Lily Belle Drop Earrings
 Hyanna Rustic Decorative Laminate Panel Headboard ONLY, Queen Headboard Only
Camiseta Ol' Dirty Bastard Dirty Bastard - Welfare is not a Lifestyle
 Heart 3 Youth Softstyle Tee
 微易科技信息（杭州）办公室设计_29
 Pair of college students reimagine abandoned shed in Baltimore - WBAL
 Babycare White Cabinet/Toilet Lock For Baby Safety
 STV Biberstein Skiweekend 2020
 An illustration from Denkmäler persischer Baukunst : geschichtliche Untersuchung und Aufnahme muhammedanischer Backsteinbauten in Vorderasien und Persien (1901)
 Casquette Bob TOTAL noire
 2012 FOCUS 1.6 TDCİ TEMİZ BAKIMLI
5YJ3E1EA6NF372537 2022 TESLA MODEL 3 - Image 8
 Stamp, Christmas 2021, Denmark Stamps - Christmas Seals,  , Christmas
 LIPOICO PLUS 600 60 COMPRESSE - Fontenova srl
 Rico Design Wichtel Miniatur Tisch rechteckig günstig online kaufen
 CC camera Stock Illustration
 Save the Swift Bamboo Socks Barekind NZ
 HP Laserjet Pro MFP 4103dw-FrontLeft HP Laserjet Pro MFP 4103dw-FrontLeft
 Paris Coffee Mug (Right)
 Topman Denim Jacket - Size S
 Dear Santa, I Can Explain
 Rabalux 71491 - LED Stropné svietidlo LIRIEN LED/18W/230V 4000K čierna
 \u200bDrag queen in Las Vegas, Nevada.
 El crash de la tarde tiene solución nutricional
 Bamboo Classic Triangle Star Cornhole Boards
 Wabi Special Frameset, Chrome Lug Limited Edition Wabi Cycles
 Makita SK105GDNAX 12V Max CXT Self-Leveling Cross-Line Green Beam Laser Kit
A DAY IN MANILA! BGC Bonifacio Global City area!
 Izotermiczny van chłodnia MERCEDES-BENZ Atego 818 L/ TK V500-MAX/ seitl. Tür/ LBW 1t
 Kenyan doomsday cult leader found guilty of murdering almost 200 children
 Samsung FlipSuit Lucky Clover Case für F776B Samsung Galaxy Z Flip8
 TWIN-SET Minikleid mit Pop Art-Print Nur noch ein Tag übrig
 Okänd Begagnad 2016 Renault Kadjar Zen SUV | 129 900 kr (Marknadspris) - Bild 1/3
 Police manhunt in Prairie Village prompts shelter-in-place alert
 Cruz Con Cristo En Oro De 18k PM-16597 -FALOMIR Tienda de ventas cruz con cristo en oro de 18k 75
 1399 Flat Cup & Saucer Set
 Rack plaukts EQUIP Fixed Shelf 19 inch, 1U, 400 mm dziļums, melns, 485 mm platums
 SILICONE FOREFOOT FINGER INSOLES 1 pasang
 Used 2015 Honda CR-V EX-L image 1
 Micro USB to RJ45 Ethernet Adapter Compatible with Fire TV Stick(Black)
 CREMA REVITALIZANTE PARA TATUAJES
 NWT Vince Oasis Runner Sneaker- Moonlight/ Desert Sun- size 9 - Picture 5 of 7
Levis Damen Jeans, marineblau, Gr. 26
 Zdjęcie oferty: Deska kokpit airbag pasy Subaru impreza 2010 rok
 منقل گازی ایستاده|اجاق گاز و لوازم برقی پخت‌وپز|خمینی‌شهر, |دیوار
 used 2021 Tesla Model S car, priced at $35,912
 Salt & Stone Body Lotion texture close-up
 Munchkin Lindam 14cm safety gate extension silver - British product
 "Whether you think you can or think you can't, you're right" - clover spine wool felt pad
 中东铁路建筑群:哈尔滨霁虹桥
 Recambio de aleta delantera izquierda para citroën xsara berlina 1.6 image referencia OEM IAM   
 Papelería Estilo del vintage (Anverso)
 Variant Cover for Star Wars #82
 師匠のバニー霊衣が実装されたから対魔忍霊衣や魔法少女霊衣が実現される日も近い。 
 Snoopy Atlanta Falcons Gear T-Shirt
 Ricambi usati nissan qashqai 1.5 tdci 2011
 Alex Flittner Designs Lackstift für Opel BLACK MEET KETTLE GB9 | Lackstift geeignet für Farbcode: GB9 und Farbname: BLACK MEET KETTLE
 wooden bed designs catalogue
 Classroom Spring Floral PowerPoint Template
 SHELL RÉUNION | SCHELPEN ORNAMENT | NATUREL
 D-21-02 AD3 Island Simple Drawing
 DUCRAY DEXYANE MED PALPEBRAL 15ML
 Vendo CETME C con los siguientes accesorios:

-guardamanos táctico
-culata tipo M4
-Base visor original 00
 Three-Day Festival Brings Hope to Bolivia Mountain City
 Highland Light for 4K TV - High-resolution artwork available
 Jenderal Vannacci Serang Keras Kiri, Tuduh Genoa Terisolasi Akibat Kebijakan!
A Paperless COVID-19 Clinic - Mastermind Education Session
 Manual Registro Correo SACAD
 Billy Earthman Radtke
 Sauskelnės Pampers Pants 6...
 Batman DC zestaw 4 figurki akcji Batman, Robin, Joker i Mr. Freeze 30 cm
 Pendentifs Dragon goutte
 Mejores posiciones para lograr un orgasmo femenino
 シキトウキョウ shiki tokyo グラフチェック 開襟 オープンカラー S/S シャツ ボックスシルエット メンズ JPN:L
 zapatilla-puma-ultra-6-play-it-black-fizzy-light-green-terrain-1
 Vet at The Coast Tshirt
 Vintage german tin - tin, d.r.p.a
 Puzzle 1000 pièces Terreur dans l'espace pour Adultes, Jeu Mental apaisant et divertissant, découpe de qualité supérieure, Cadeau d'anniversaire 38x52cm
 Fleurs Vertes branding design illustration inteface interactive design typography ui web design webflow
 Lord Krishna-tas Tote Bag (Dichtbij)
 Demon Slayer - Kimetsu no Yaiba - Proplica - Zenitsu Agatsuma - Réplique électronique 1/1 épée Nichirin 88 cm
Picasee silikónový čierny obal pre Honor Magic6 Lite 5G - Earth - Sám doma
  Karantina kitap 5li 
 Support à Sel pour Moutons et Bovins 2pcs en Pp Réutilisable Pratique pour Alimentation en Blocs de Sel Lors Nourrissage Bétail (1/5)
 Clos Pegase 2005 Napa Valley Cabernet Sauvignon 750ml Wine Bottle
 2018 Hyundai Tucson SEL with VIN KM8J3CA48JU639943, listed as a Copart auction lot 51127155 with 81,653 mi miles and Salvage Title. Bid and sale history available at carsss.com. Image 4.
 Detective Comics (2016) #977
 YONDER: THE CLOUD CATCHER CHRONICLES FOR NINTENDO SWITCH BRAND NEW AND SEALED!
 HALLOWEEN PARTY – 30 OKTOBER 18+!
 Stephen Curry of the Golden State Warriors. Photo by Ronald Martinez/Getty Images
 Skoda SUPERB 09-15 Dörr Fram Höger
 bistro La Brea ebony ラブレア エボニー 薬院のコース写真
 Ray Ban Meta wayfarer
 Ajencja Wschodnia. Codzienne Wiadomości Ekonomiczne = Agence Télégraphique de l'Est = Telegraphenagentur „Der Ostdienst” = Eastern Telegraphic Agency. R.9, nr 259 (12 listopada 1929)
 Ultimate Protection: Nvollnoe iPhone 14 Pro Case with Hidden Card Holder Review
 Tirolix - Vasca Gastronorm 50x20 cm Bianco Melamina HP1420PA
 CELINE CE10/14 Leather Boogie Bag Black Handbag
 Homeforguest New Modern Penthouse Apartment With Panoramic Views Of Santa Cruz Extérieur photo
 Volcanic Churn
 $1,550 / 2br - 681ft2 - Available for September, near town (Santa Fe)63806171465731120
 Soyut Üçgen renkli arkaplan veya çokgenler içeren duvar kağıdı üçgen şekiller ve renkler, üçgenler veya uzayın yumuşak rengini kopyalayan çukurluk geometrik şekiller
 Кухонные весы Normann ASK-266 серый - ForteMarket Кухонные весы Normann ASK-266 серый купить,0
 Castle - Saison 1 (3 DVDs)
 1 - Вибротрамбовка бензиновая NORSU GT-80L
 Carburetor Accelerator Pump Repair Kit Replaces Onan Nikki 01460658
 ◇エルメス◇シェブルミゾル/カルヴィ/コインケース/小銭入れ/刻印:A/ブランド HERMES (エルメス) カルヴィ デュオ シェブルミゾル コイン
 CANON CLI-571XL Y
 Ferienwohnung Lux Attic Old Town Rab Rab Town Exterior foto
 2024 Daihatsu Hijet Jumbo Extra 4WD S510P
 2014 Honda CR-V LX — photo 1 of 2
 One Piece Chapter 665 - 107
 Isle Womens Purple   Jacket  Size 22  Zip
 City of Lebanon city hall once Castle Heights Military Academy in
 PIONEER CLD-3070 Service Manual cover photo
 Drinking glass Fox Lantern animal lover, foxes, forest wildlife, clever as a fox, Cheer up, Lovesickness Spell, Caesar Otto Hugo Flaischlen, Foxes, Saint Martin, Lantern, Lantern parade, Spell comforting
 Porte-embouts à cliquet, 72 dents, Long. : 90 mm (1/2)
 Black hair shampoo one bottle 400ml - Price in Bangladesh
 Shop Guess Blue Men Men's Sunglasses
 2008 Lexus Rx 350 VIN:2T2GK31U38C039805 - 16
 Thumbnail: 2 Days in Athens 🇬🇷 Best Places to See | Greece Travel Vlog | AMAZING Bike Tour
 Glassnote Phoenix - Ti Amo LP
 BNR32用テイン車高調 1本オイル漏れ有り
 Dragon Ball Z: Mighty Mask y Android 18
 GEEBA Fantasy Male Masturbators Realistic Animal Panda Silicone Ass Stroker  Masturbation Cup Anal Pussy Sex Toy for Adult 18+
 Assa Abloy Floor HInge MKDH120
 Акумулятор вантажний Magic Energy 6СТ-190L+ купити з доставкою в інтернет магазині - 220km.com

···

[Problem description] In the listing above, find the line with "Camiseta Ol' Dirty" and the line with "STV Biberstein Skiweekend 2020", then print exactly those lines and every line between them.

[Finished exercise]
Camiseta Ol' Dirty Bastard Dirty Bastard - Welfare is not a Lifestyle
 Heart 3 Youth Softstyle Tee
 微易科技信息（杭州）办公室设计_29
 Pair of college students reimagine abandoned shed in Baltimore - WBAL
 Babycare White Cabinet/Toilet Lock For Baby Safety
 STV Biberstein Skiweekend 2020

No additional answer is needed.